Transducers seem particularly effective when they force re-interpretation of or actually do transform the external signal:

• Example: Video game modding. Video games provide interactive experiences encapsulated in some virtual universe defined by game designers. However, at least some games can be modified by players to add additional features. In particular, a game could be modded to incorporate elements from another game and in this way expand the size of the original game’s ”universe”. Baldur’s Gate is a series of video games based on the Dungeons and Dragons universe. Modding the later Dragon Age video game allowed players to recreate Irenicus’s Dungeon from Baldur’s Gate II, transforming an instance of one game into an instance of the other.

• Example: Text-to image models. Systems such as Stable Diffusion allow users to transform written verbal input into the visual domain.

Motif 4: Completeness

Observing systems exploring ”complete” spaces makes us feel like they could accomplish arbitrary goals, or that the systems could function as arbitrary tools. Of course, this feeling is merely evocative – whether or not the system actually does achieve arbitrary functionality is dependent on its dynamics.

• Example: Open-ended video games. While some video games are primarily defined by progression mechanics (where one task must be completed, then another, then another, etc. until the end of the game is reached), others allow or even require the player to build, create, or design freely. Sandbox games such as Minecraft, or even tool-like ”games” such as the Super Nintendo game Mario Paint belong in this category. In these software systems, the fact that little is actually required creates the sense that anything is possible.

• Example: Programming languages and Turing Completeness. In computer science theory, a Turing Complete machine is a system that, given enough time and resources, could conceivably execute any arbitrary computational task. Most modern programming languages are Turing Complete. We can additionally consider systems like Conway’s Game of Life, in which simple rules can give way to a possibility space so large that people are still finding ways to explore it decades later.

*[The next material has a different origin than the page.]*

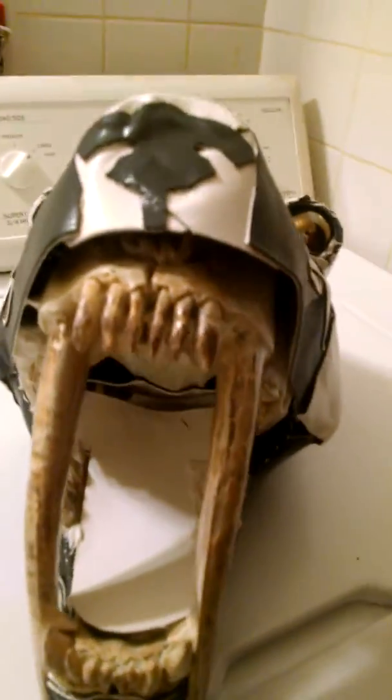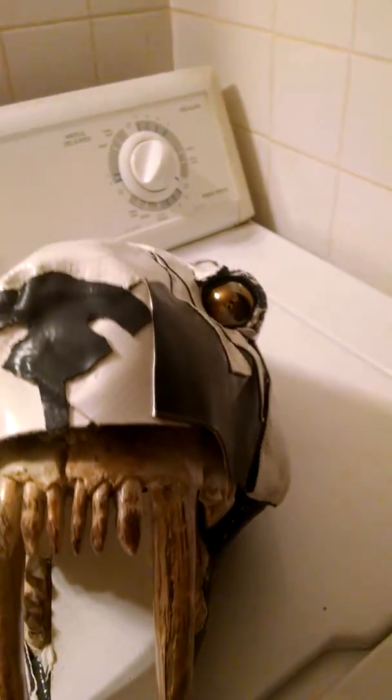Let's look into the mouth. And this is the bottom of the jaw.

Completeness may be also related to the concept of transducers, which was introduced in the previous section. Complete spaces make good substrates for transducers because there is somewhat of a guarantee that the external signal to be converted can also exist within the transducer system.

4. Discussion

In this post, we have identified a number of phenomena that can create subjective perceptions of open-endedness, not all of which have anything to do with ’real’ autonomous open-endedness. What should be done with this information? Proving that it’s possible to manage autonomously open-ended systems was important as part of refining the initial understanding of open-endedness, but now that this has been done in various ways, that constraint can be relaxed for the purpose of exploring alternative (i.e. subjective) framings of the phenomena. Let’s follow our intuitions at the same time that we are advancing science, and go beyond open-endedness that reduces to mere numbers to actually producing systems that genuinely astonish us in satisfying ways.

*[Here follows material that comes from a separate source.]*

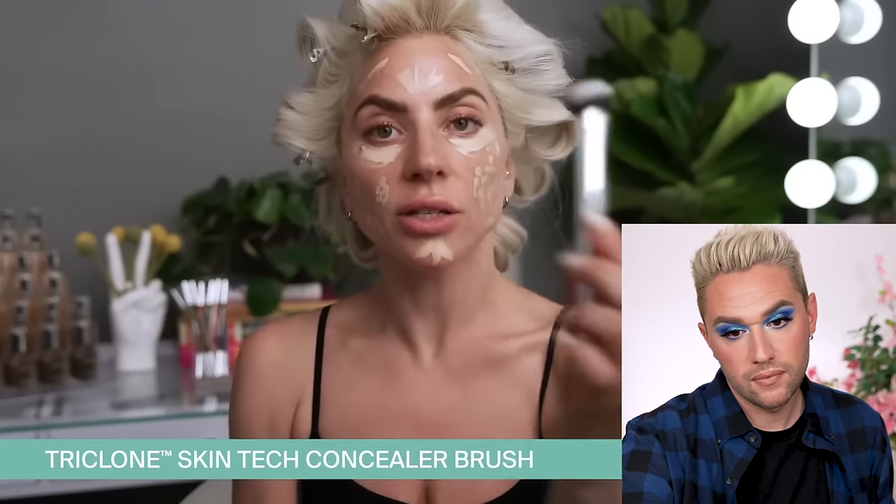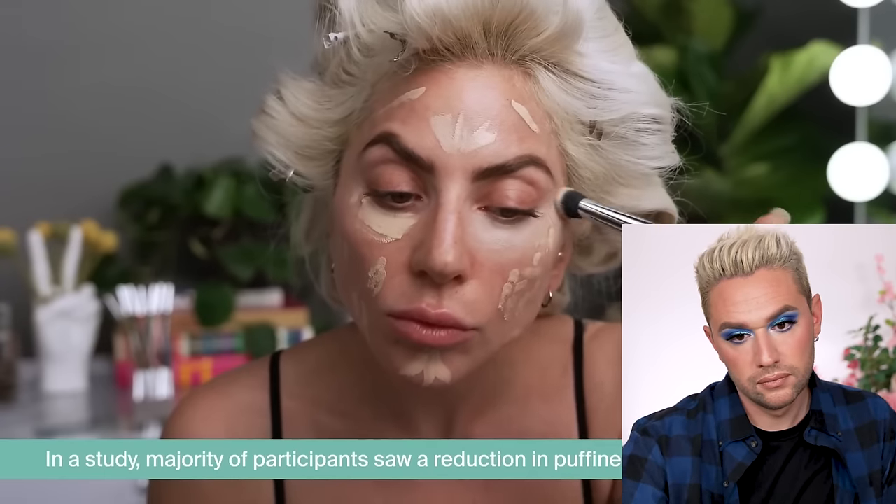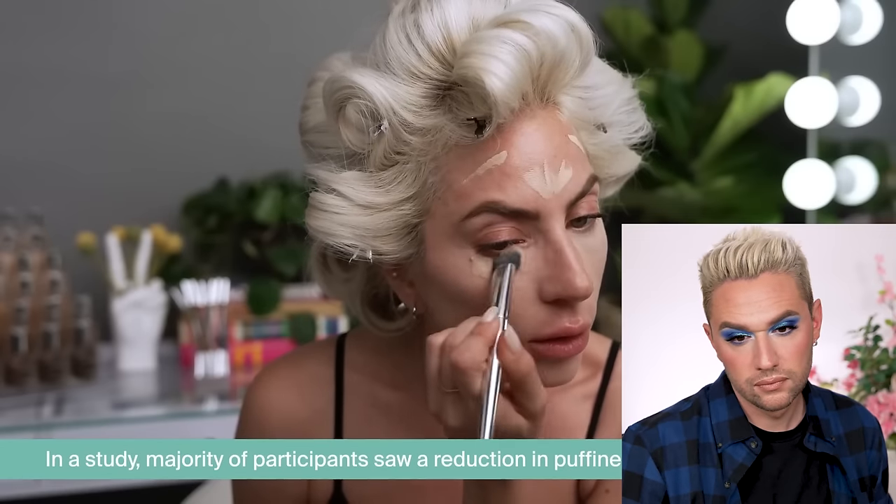Gaga uses the concealer brush, which is shaped like a finger. This may be the best concealer brush I've ever used — the density is perfect and the slight roundedness fits perfectly to stipple over problem areas like a sponge, but without absorbing the product the same way. This brush is heavenly. The concealer also has biotech caffeine to de-puff under eyes and fermented arnica to reduce redness while you wear it.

We ask to what extent these considerations can or should be fused with our existing approaches to building open-ended systems, and we wonder what sort of possibilities will arise. And finally, we raise the question of what it is we are really trying to achieve.

1. Wikipedia defines operationalization as “defining the measurement of a phenomenon which is not directly measurable, though its existence is inferred by other phenomena.”

2. “...when a feature of the economy is picked as an indicator of the economy, then it inexorably ceases to function as that indicator because people start to game it.” – Mario Biagioli

3. According to NECSI: “An observer is a person who makes measurements (observations) on a system to gain information about it”.